PROBLEM TO SOLVE:
Pictures are to be left out, and only the lines from the one containing "Jasprit Bumrah hits" through the last line of the data are to be returned exactly.

SUPPLIED INFORMATION:
====
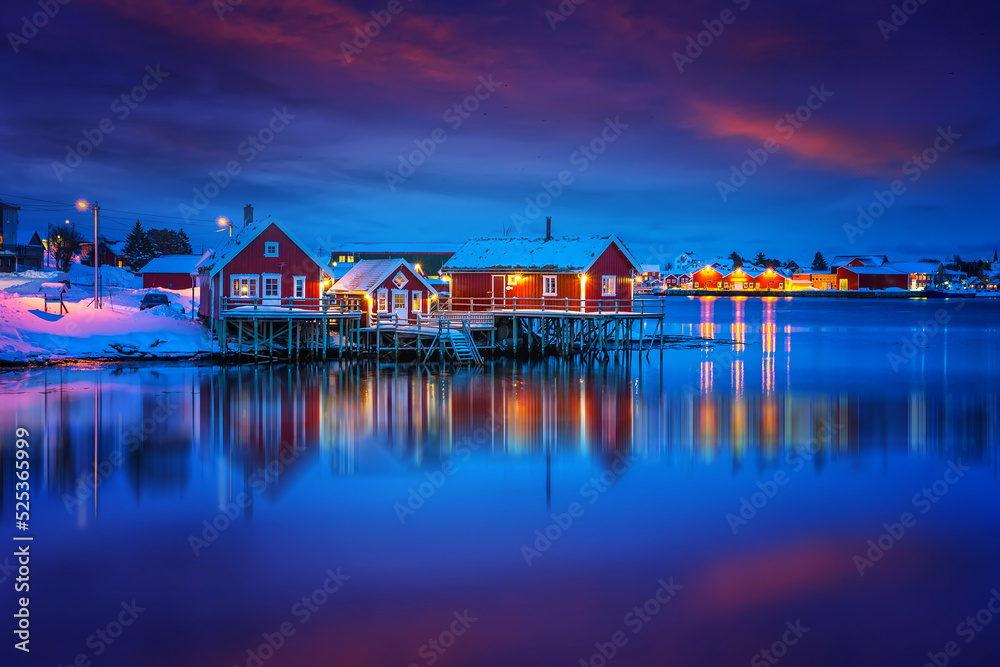Scenic photo of winter fishing village with colorful sky. Vivid north landscape with reflected. Picturesque Scenery of Reinefjord one most popular place of Lofoten islands. Norway. ideal resting place Scenic photo of winter fishing village with colorful sky. Vivid north landscape with reflected. Picturesque Scenery of Reinefjord one most popular place of Lofoten islands. Norway. ideal resting place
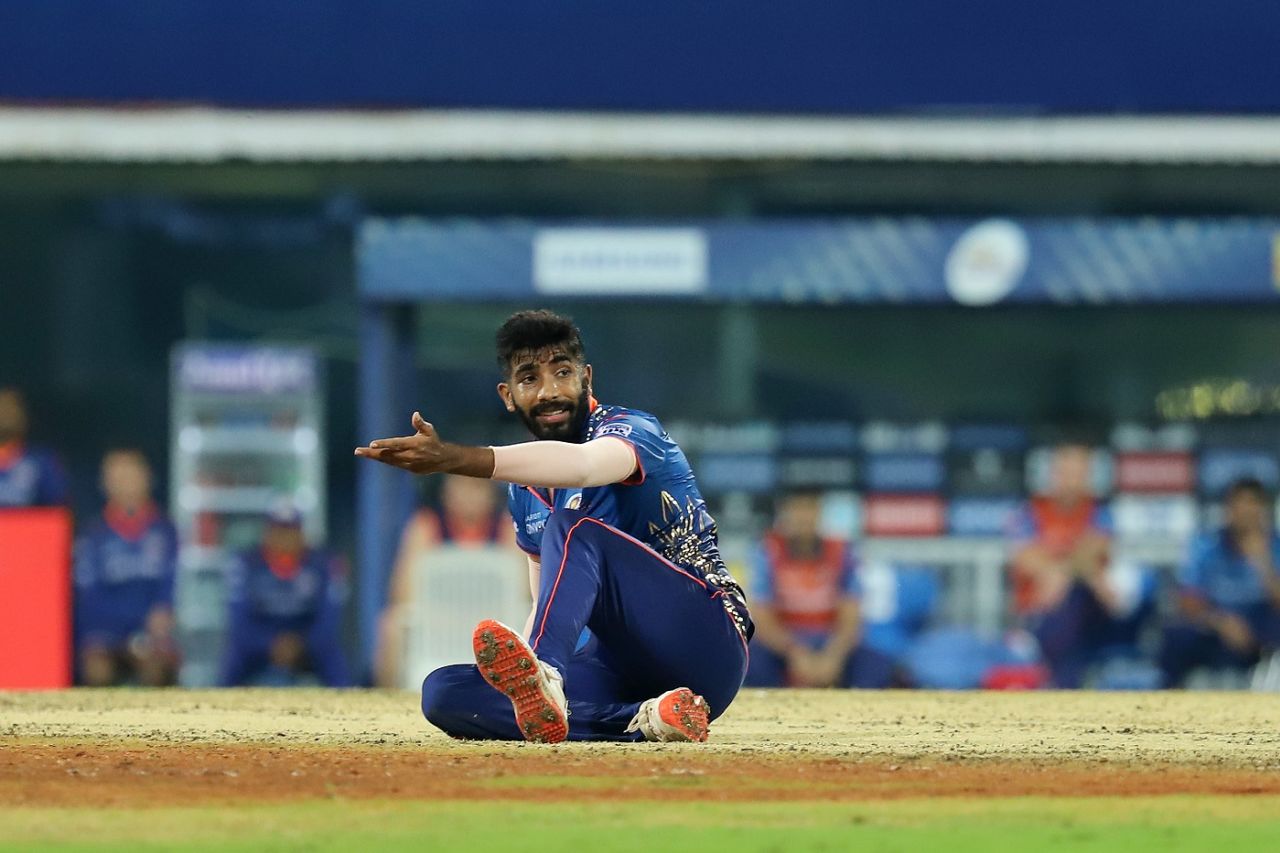 Jasprit Bumrah hits the ground after the ball slipped out of his hand, Mumbai Indians vs Delhi Capitals, IPL 2021, Chennai, April 20, 2021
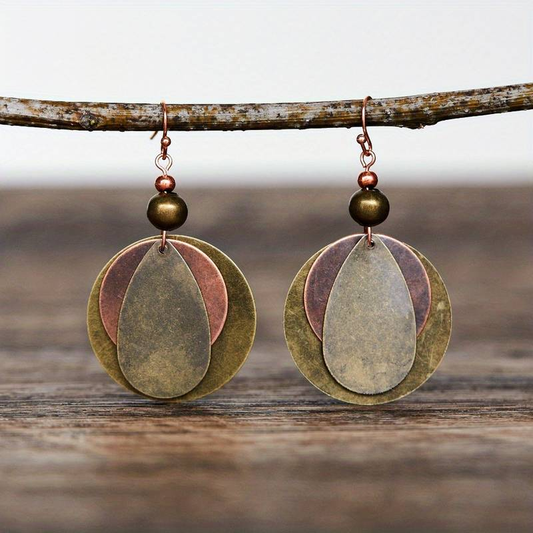 Vintage metal earrings with layered designs in greenish-brown and copper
====
THE COMPLETED TASK:
 Jasprit Bumrah hits the ground after the ball slipped out of his hand, Mumbai Indians vs Delhi Capitals, IPL 2021, Chennai, April 20, 2021
 Vintage metal earrings with layered designs in greenish-brown and copper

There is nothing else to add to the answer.